# WORK REQUIRED
Please output all the entries word for word, without the pictures.

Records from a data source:
━━━━━━━━━━━━━━━━
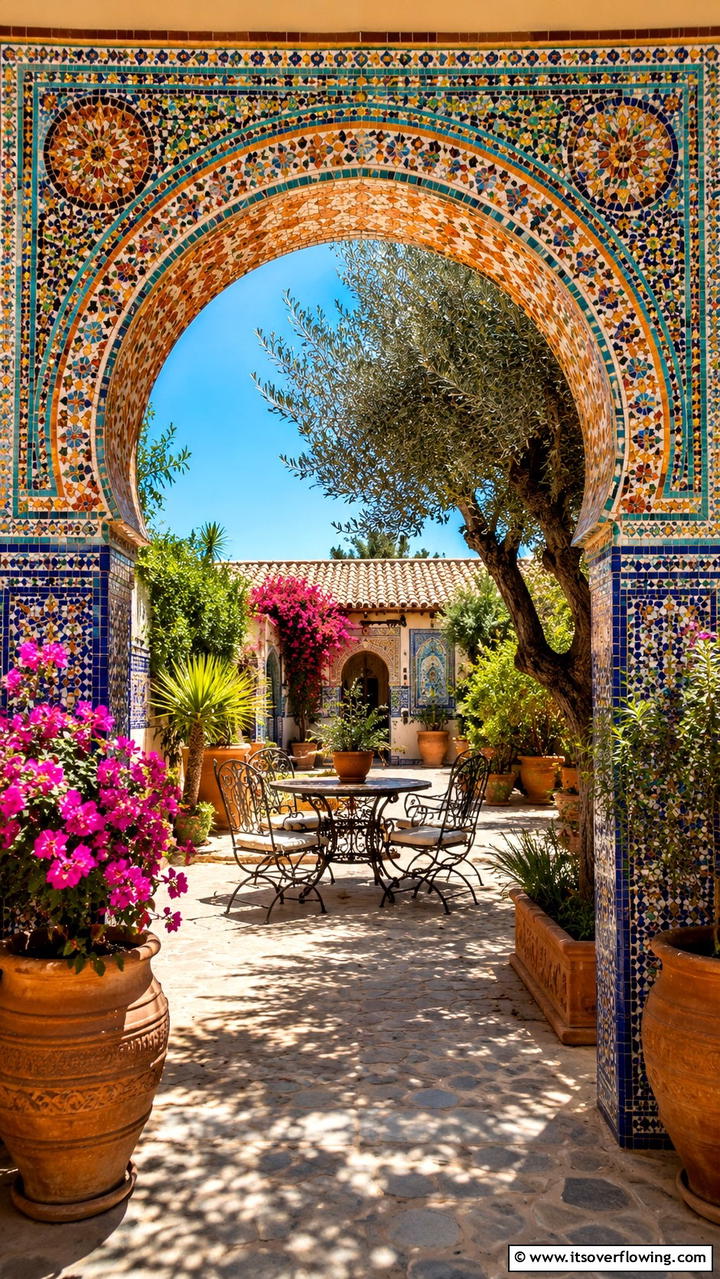 Mediterranean Mosaic Arch - 30 Garden Arch Ideas for Enchanting Outdoor Spaces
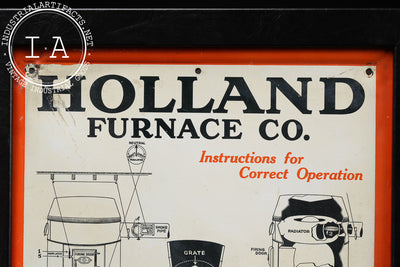 Framed Holland Furnace Co. Instructional Tin Sign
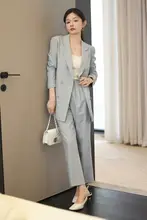 グレー系ビジネススーツセット【軽量・カジュアル・女性用・ジャケットとパンツの2点セット】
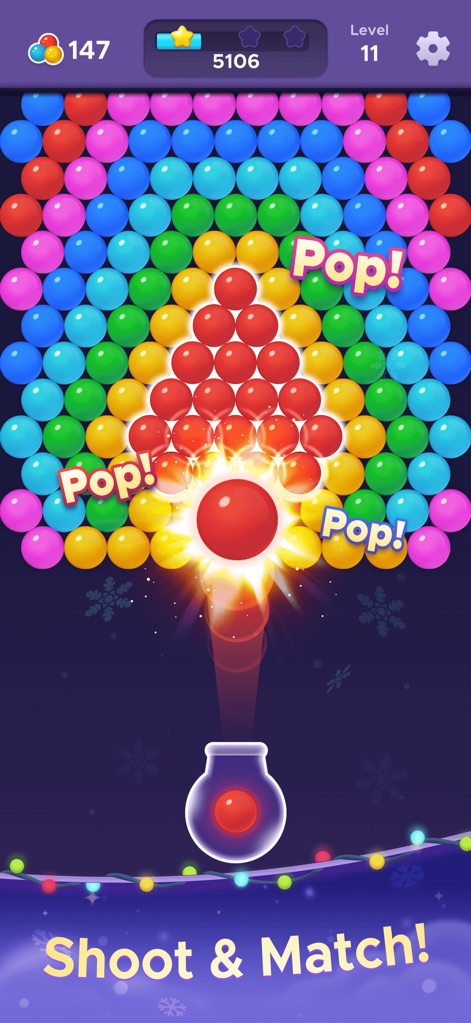 Bubble Relax: Pop Shooter - Witness the dynamic bubble shooting action and the satisfying "Pop!" visual feedback that enhances the gameplay experience.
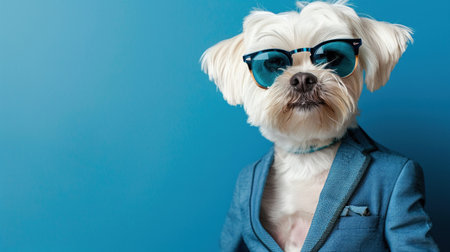 A stylish small white dog donning sunglasses and a blue suit, portraying a humorous and fashionable character.の素材
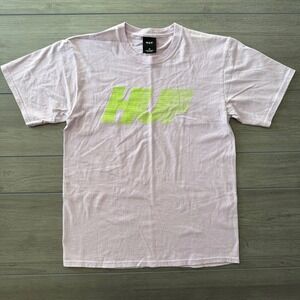 HUF Mens T Shirt Size M Lavender Neon Green Logo Short Sleeve Crew Neck Cotton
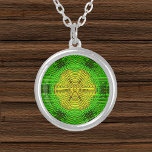 Weave Mandala Yellow and Green Silver Plated Necklace<br><div class="desc">This funky mandala features yellow and green in a basket weave style. Psychedelic visuals for the modern hippie or anyone who loves groovy colors.</div>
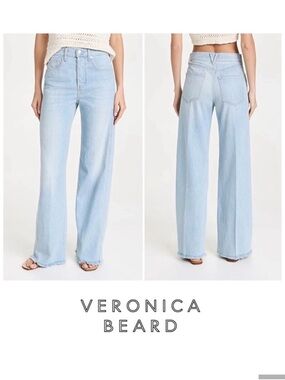 Veronica Beard Taylor Relaxed Wide Leg High Rise 26 Aire Blue
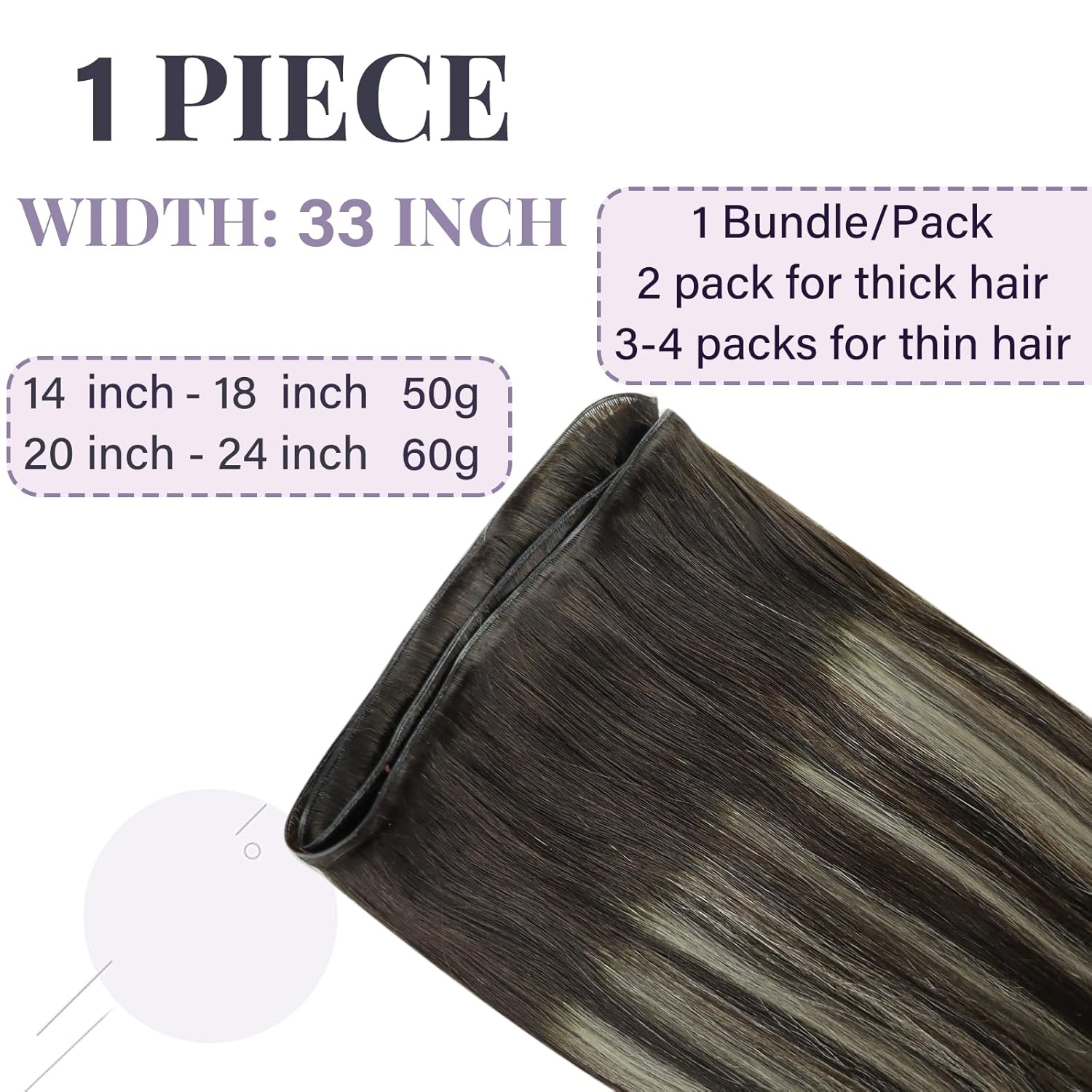 Fshine Genius Weft Human Hair Extensions Balayage Dark Brown to Blonde Sew in Hair Extensions Real Human Hair Balayage Remy Hair Clip in Extensions Brown Balayage 18inch 50g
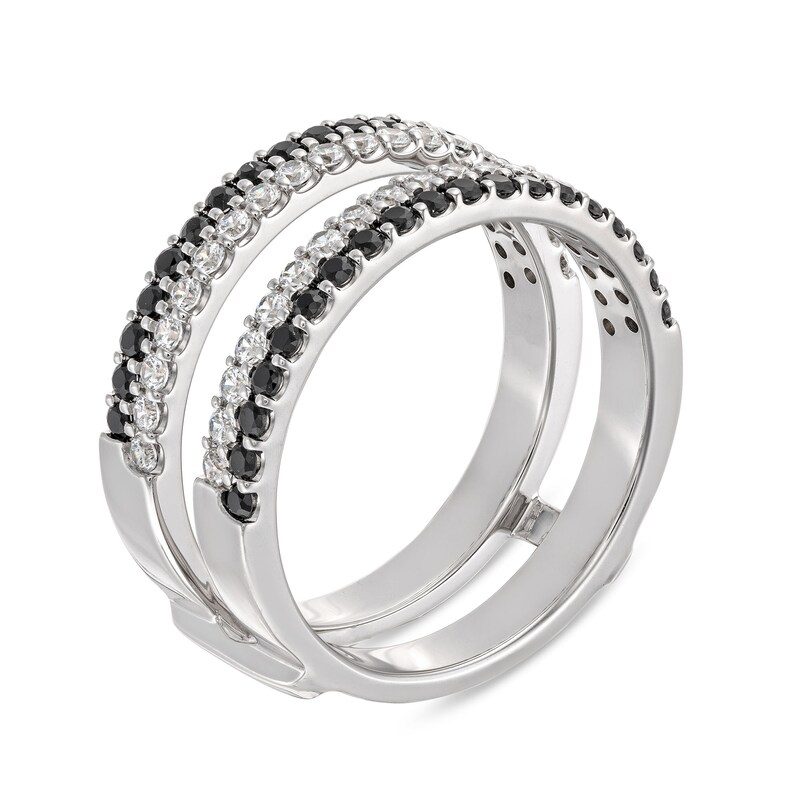 Main Image 2 of 1 CT. T.W. Black and White Diamond Double Row Solitaire Enhancer in 14K White Gold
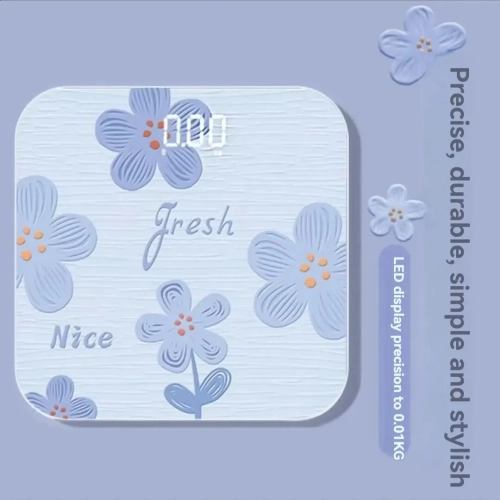 Blue backlit electronic scale – cute design, tempered glass material, auto-on touch function, accurate measurement, long battery life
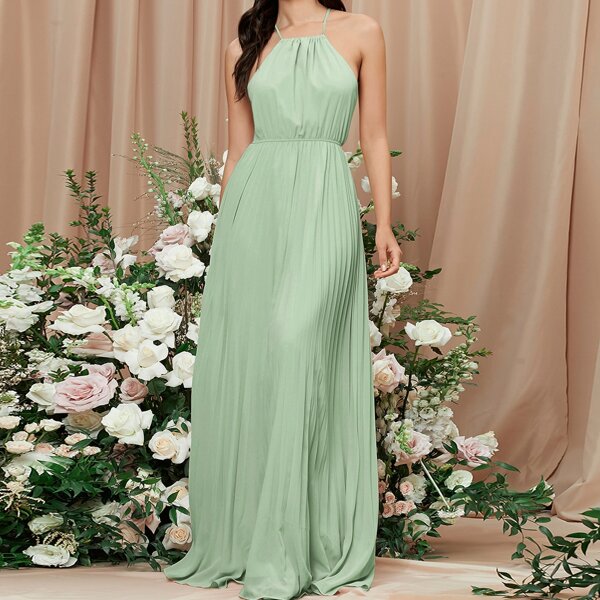 

Tie Back Pleated Halter Dress, Mint green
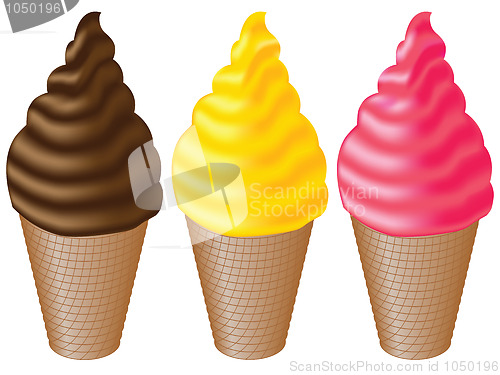 Image of icecream collection against white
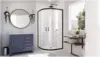 Semi Frameless Clear Glass Sliding Shower Enclosure in Brushed Nickel with White Base Kit Perfect for smaller spaces 5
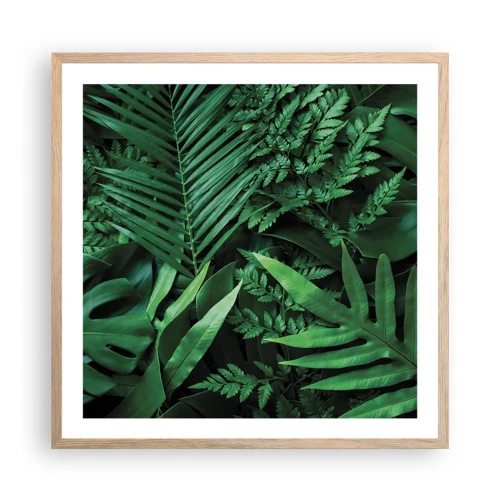 Poster in light oak frame - In a Green Hug - 60x60 cm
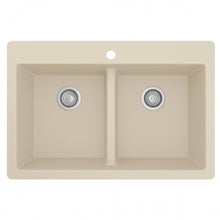 Karran QU-810 33" Top Mount Double Equal Bowl Quartz Kitchen Sink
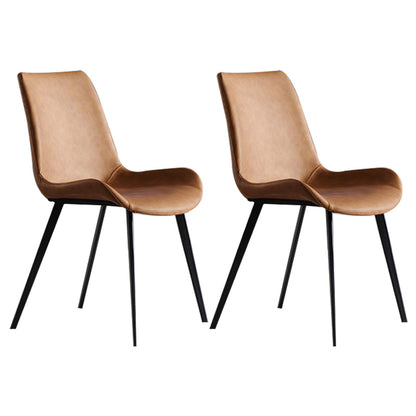 Modern Restaurant Leather Side Chair Solid Back Dining Chair with Black Legs Ginger 2 Piece Set Clearhalo ' kitchen&dining_furn' 'Dining Chairs' 'Dining Tables & Seating' 'dining_chair' 'furn' 'furn_dining_chair' 'Furniture' 'furniture_dining_chair' 'Kitchen & Dining Furniture' 'kitchen' 4206666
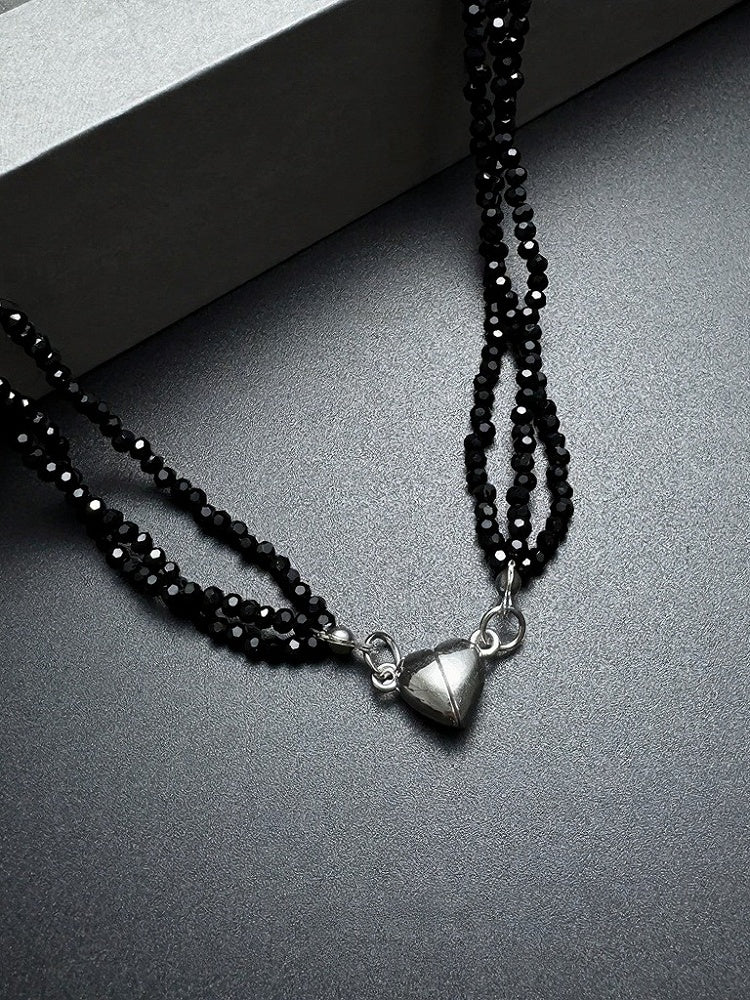 Obsidian Bead Necklace with Silver Heart Charm - YSHXS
━━━━━━━━━━━━━━━━
# RESPONSE FOR THIS EXERCISE
 Mediterranean Mosaic Arch - 30 Garden Arch Ideas for Enchanting Outdoor Spaces
 Framed Holland Furnace Co. Instructional Tin Sign
 グレー系ビジネススーツセット【軽量・カジュアル・女性用・ジャケットとパンツの2点セット】
 Bubble Relax: Pop Shooter - Witness the dynamic bubble shooting action and the satisfying "Pop!" visual feedback that enhances the gameplay experience.
 A stylish small white dog donning sunglasses and a blue suit, portraying a humorous and fashionable character.の素材
 HUF Mens T Shirt Size M Lavender Neon Green Logo Short Sleeve Crew Neck Cotton
 Weave Mandala Yellow and Green Silver Plated Necklace<br><div class="desc">This funky mandala features yellow and green in a basket weave style. Psychedelic visuals for the modern hippie or anyone who loves groovy colors.</div>
 Veronica Beard Taylor Relaxed Wide Leg High Rise 26 Aire Blue
 Fshine Genius Weft Human Hair Extensions Balayage Dark Brown to Blonde Sew in Hair Extensions Real Human Hair Balayage Remy Hair Clip in Extensions Brown Balayage 18inch 50g
 Main Image 2 of 1 CT. T.W. Black and White Diamond Double Row Solitaire Enhancer in 14K White Gold
 Blue backlit electronic scale – cute design, tempered glass material, auto-on touch function, accurate measurement, long battery life

Tie Back Pleated Halter Dress, Mint green
 Image of icecream collection against white
 Semi Frameless Clear Glass Sliding Shower Enclosure in Brushed Nickel with White Base Kit Perfect for smaller spaces 5
 Poster in light oak frame - In a Green Hug - 60x60 cm
 Karran QU-810 33" Top Mount Double Equal Bowl Quartz Kitchen Sink
 Modern Restaurant Leather Side Chair Solid Back Dining Chair with Black Legs Ginger 2 Piece Set Clearhalo ' kitchen&dining_furn' 'Dining Chairs' 'Dining Tables & Seating' 'dining_chair' 'furn' 'furn_dining_chair' 'Furniture' 'furniture_dining_chair' 'Kitchen & Dining Furniture' 'kitchen' 4206666
 Obsidian Bead Necklace with Silver Heart Charm - YSHXS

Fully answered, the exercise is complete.